Mamadou Dia

Mamadou Dia ( born July 18, 1910 in Kombole; † January 25, 2009 in Dakar ) was Prime Minister of Senegal from 1960 to 1962.

Political career

Dia attended the École normale supérieure William Ponty in Dakar and became a teacher.

In 1948 he was elected to the French Senate, where he served until 1956. He also studied in Paris law and economics. Politically, he was active in the Union Party progressiste Sénégalaise Leopold Sedar Senghor of the later president. January 2, 1956 he was a deputy of the National Assembly in Paris. After Senegal in 1958 became autonomous, he was born on May 18, 1958 Prime Minister of the country. In the Mali Federation between Senegal and neighboring Mali, he took over after independence from France on 20 June 1960, the Office of the Vice President; the Federation broke up but after about two months.

Prime minister

In Senegal, he remained in office of the Prime Minister. In June 1962 he took a trip in several countries of the Eastern bloc and Senegal established diplomatic relations with the Soviet Union. Contrasts between the temperate Senghor and the more radical socialists slide escalated on 17 December 1962. To avoid a confidence vote in parliament, the parliament building was occupied on the order of slides of the army and police. The parliamentarians avoided but for the house of the President of Parliament and spoke slide with 48 of 80 votes, the vote of no confidence.
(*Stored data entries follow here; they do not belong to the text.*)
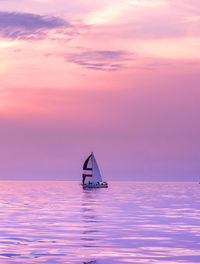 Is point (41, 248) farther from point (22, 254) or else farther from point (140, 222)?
point (140, 222)

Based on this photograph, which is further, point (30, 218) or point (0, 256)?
point (30, 218)

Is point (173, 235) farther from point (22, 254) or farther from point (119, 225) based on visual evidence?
point (22, 254)

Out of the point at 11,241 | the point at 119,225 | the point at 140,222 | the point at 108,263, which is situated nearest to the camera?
the point at 108,263

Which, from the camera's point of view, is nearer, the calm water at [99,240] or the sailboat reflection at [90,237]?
the calm water at [99,240]

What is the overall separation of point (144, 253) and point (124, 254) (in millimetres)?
1239

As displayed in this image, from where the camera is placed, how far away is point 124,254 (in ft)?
103

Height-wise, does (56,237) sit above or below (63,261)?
→ above

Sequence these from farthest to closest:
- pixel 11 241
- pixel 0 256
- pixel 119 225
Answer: pixel 119 225, pixel 11 241, pixel 0 256

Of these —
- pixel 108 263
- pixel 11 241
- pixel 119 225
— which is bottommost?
pixel 108 263

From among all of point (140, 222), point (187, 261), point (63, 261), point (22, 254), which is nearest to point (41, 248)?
point (22, 254)

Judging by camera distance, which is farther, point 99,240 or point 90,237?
point 90,237

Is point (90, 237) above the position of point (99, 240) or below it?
above

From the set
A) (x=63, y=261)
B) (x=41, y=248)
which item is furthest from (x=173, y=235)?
(x=63, y=261)

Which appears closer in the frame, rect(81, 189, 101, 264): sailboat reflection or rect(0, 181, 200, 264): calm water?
rect(0, 181, 200, 264): calm water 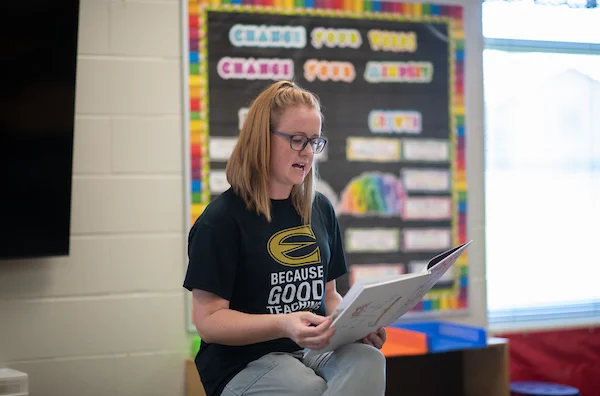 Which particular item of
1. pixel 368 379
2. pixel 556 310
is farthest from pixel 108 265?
pixel 556 310

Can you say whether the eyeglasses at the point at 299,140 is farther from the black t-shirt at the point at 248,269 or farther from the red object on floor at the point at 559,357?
the red object on floor at the point at 559,357

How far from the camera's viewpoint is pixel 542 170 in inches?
142

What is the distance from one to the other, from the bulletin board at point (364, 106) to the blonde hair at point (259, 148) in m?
1.03

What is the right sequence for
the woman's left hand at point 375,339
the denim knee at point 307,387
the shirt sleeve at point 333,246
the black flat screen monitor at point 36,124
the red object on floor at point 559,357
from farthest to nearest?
the red object on floor at point 559,357, the black flat screen monitor at point 36,124, the shirt sleeve at point 333,246, the woman's left hand at point 375,339, the denim knee at point 307,387

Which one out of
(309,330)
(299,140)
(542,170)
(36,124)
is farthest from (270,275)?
(542,170)

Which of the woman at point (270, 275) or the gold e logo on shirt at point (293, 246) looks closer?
the woman at point (270, 275)

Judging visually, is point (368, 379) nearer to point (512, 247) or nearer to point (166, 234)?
point (166, 234)

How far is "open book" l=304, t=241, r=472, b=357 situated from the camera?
154cm

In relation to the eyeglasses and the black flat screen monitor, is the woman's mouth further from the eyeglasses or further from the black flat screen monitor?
the black flat screen monitor

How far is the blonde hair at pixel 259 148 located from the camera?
1865mm

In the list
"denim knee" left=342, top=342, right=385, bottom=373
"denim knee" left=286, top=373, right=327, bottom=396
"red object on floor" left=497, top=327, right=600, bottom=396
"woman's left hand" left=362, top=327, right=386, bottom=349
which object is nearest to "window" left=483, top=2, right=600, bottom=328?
"red object on floor" left=497, top=327, right=600, bottom=396

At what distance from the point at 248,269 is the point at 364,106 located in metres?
1.51

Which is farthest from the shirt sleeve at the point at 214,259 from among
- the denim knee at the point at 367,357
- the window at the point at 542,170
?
the window at the point at 542,170

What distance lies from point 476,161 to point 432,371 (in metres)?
0.99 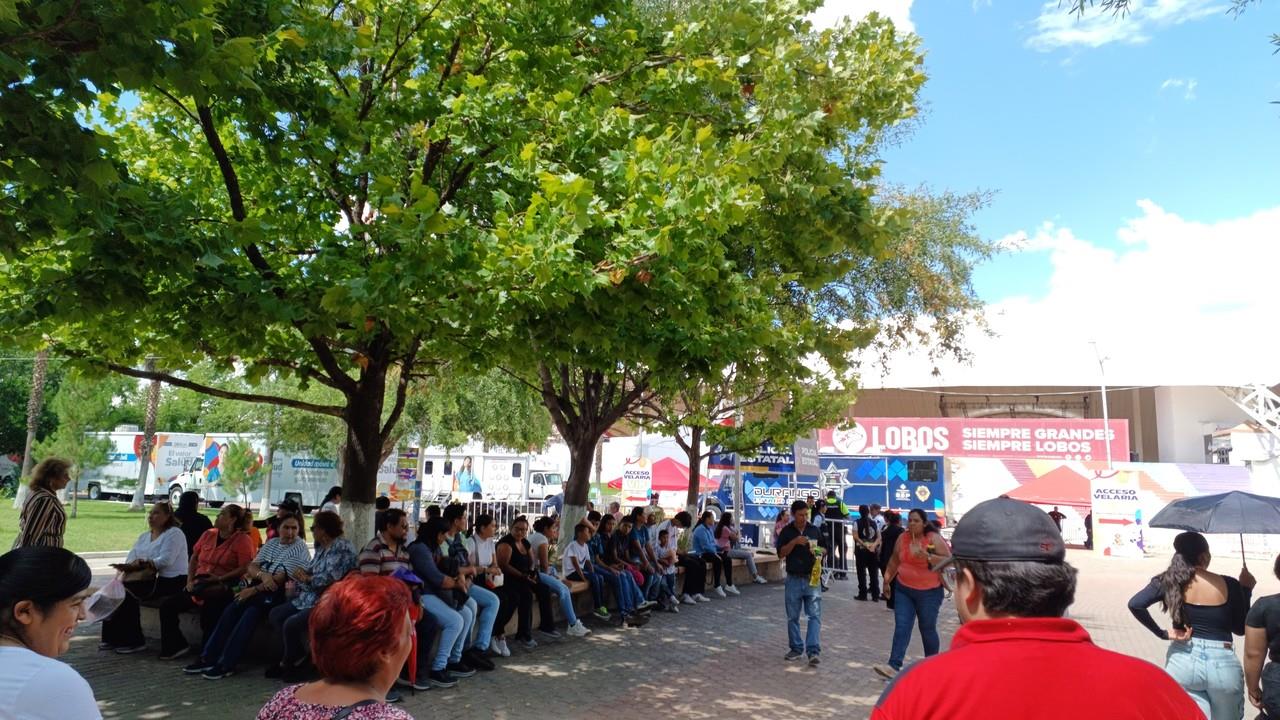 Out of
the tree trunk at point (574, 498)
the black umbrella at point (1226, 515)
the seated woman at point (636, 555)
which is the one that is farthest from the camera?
the tree trunk at point (574, 498)

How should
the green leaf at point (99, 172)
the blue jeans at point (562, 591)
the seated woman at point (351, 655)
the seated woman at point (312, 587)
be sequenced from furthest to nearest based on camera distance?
the blue jeans at point (562, 591)
the seated woman at point (312, 587)
the green leaf at point (99, 172)
the seated woman at point (351, 655)

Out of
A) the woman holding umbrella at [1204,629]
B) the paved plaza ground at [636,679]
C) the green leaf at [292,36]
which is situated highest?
the green leaf at [292,36]

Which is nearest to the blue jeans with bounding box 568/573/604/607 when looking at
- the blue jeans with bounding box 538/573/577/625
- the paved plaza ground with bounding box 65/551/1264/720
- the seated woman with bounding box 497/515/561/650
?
the paved plaza ground with bounding box 65/551/1264/720

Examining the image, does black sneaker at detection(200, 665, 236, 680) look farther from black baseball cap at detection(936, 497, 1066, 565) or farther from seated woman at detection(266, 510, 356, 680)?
black baseball cap at detection(936, 497, 1066, 565)

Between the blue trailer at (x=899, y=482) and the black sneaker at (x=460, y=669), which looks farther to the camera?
the blue trailer at (x=899, y=482)

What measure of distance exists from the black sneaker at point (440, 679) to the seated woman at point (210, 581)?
88.9 inches

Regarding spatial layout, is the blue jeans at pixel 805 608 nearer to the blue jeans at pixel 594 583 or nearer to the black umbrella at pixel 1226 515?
the blue jeans at pixel 594 583

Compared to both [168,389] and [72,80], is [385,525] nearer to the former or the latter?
[72,80]

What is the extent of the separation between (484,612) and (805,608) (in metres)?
3.56

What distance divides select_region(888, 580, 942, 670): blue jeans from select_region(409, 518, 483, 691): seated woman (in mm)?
4185

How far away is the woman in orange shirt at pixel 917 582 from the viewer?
791 cm

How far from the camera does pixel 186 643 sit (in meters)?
8.70

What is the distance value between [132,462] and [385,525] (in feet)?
127

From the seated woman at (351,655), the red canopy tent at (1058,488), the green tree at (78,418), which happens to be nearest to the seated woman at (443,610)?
the seated woman at (351,655) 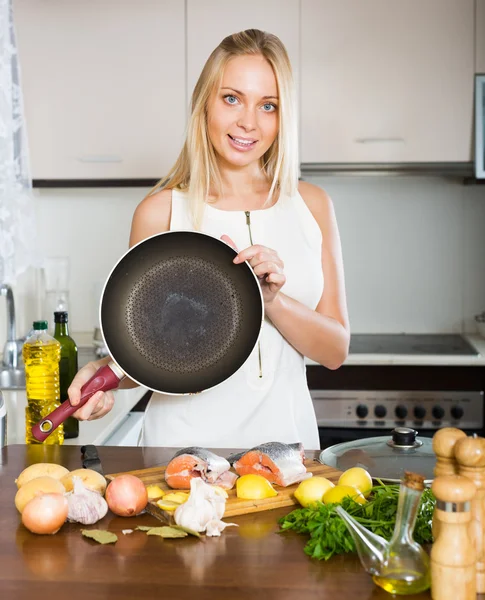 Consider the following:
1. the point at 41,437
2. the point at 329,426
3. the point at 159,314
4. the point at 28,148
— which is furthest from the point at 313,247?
the point at 28,148

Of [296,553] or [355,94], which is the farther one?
[355,94]

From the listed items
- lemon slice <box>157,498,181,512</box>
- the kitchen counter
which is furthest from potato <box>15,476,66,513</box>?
the kitchen counter

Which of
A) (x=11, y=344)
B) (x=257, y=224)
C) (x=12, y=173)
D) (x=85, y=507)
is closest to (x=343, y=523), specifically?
(x=85, y=507)

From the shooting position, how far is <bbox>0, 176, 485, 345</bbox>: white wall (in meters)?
3.05

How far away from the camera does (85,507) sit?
3.34 feet

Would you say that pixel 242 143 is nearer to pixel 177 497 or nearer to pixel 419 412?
pixel 177 497

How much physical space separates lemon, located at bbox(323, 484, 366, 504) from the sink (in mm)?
1399

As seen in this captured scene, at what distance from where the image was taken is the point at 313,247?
1.61 m

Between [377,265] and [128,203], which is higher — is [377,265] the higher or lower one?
the lower one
Although the chief of staff assisted slide, but troops who were loyal to Senghor, occupying the broadcasting station and sat firmly and slide the trailer. The next day the Parliament Senghor authorized a new constitution with a presidential system to develop and to be confirmed in a referendum. In January, the deputies to make slide in court. He was sentenced to life imprisonment, two other former ministers, each twenty years. The President appointed a prime minister again in 1970.

More career

His imprisonment, which he spent in Kédougou in the east of the country, ended in 1974. On January 27, 1983, he joined the presidential election against Senghor in 1981 reigning successor Abdou Diouf. He finished with 1.39% of votes in third place after the victorious Diouf and later president Abdoulaye Wade. In 1985, he published his memoirs under the title Mémoires d'un militant du Tiers Monde. In January 2002 he tried in vain to annul the judgment of 1963.